◆ **Your objective**
Please copy the data below exactly, from its first line through the line holding "Head over to", and skip the pictures.

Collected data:
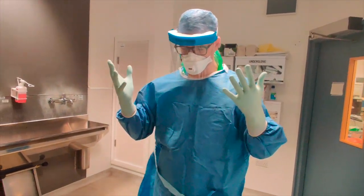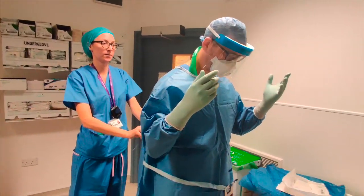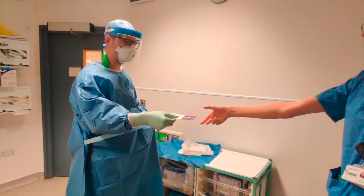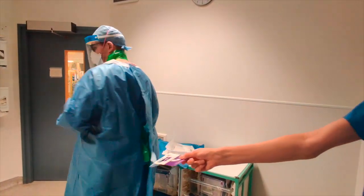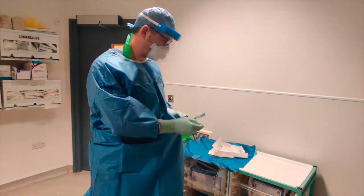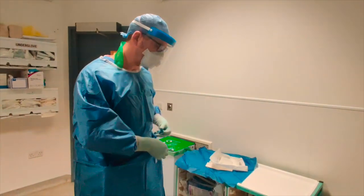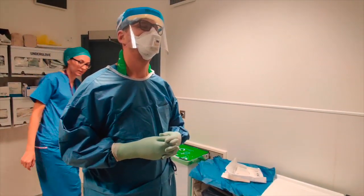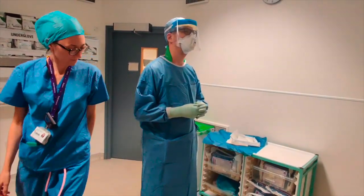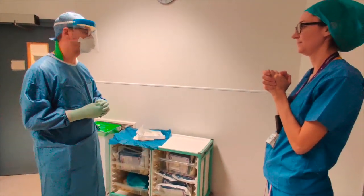I'm going to tie this very loosely so that it's not difficult to undo later. I'll check, and my buddy will check — we are happy. Let's do an operation.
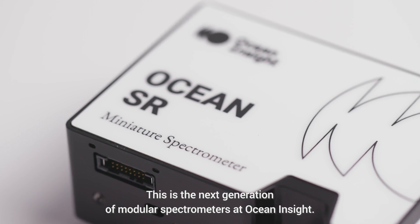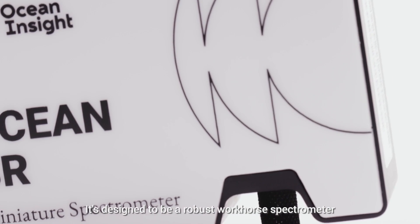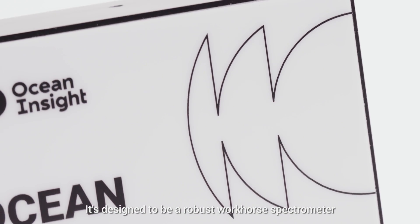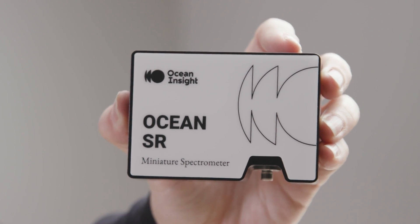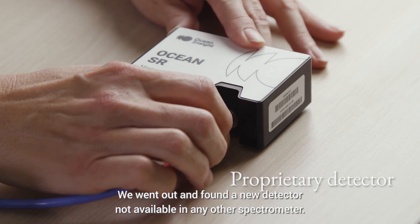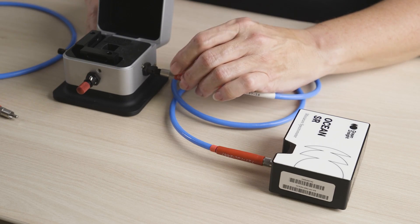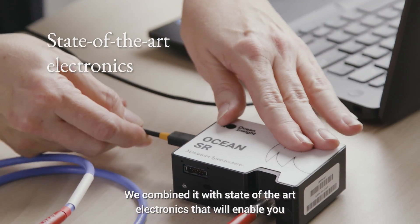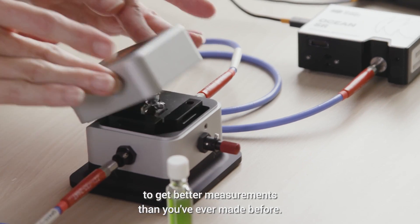This is the next generation of modular spectrometers at Ocean Insight. It's designed to be a robust workhorse spectrometer that can fill many different types of applications. We went out and found a new detector not available in any other spectrometer, and combined it with state-of-the-art electronics that will enable you to get better measurements than you've ever made before.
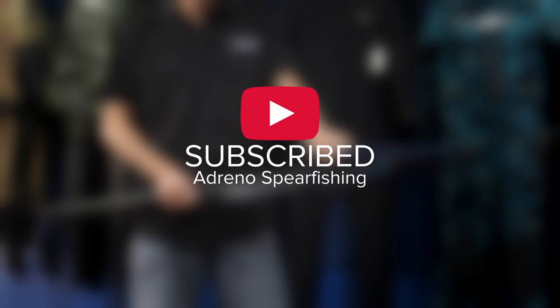Now hang on, before the video starts — over 80% of people who watch our videos are not subscribed. So if you enjoy our content, be sure to hit the subscribe button. Go on, do it now.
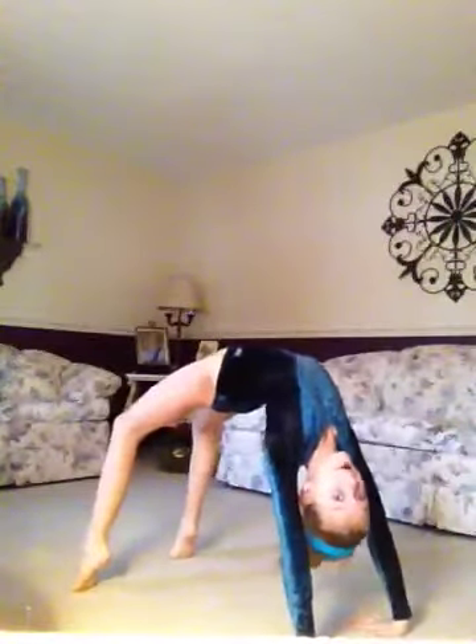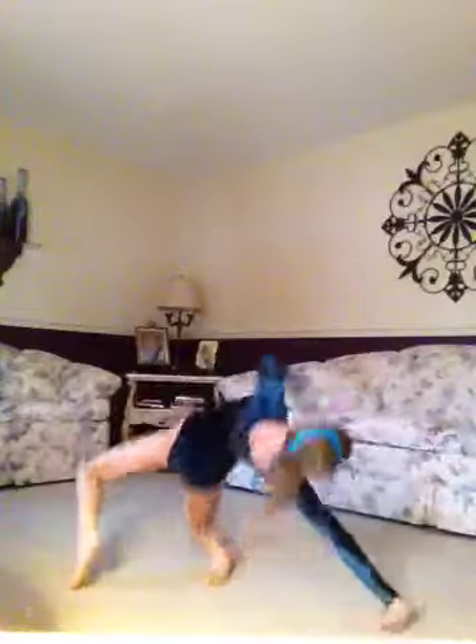That was a bad handstand, sorry. Front limber. Sorry. Now, handstand.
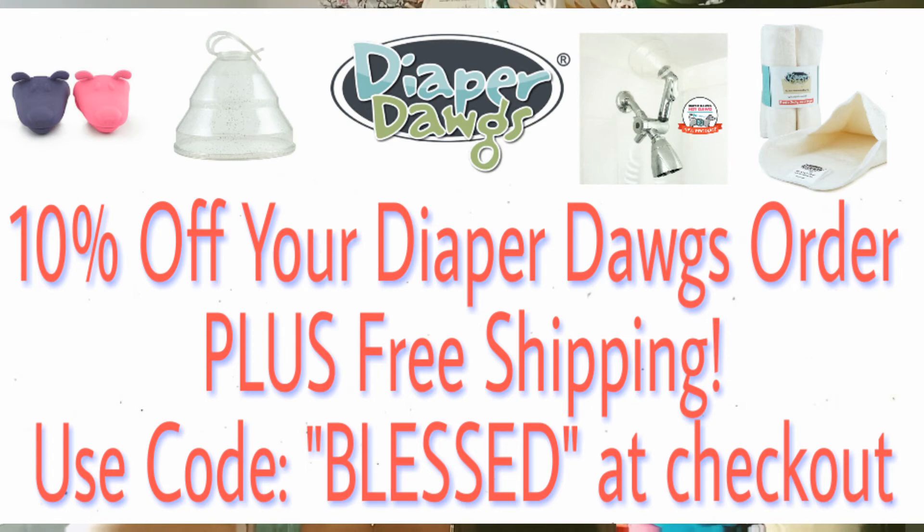Head over to the Diaper Dogs website and check out all the cool stuff they have. If you've used the Diaper Dogs spray collar, let me know down in the comments what you think. Don't forget to give this video a thumbs up, subscribe for lots of cloth diapering videos, reviews, giveaways, and coupon codes. Thank you guys so much for watching and I will see you next time.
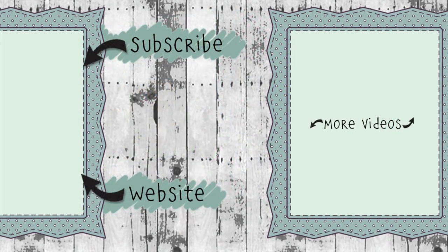If you click the website link you'll go to KarenBurniston.com where you can find information about purchasing these dies as well as links to all my social media accounts. You can also subscribe to this YouTube channel and check out some of my other videos. Thanks so much for watching and I'll see you next time!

◆ **Your response**
I'm going to tie this very loosely so that it's not difficult to undo later. I'll check, and my buddy will check — we are happy. Let's do an operation.
This is the next generation of modular spectrometers at Ocean Insight. It's designed to be a robust workhorse spectrometer that can fill many different types of applications. We went out and found a new detector not available in any other spectrometer, and combined it with state-of-the-art electronics that will enable you to get better measurements than you've ever made before.
Now hang on, before the video starts — over 80% of people who watch our videos are not subscribed. So if you enjoy our content, be sure to hit the subscribe button. Go on, do it now.
That was a bad handstand, sorry. Front limber. Sorry. Now, handstand.
Head over to the Diaper Dogs website and check out all the cool stuff they have. If you've used the Diaper Dogs spray collar, let me know down in the comments what you think. Don't forget to give this video a thumbs up, subscribe for lots of cloth diapering videos, reviews, giveaways, and coupon codes. Thank you guys so much for watching and I will see you next time.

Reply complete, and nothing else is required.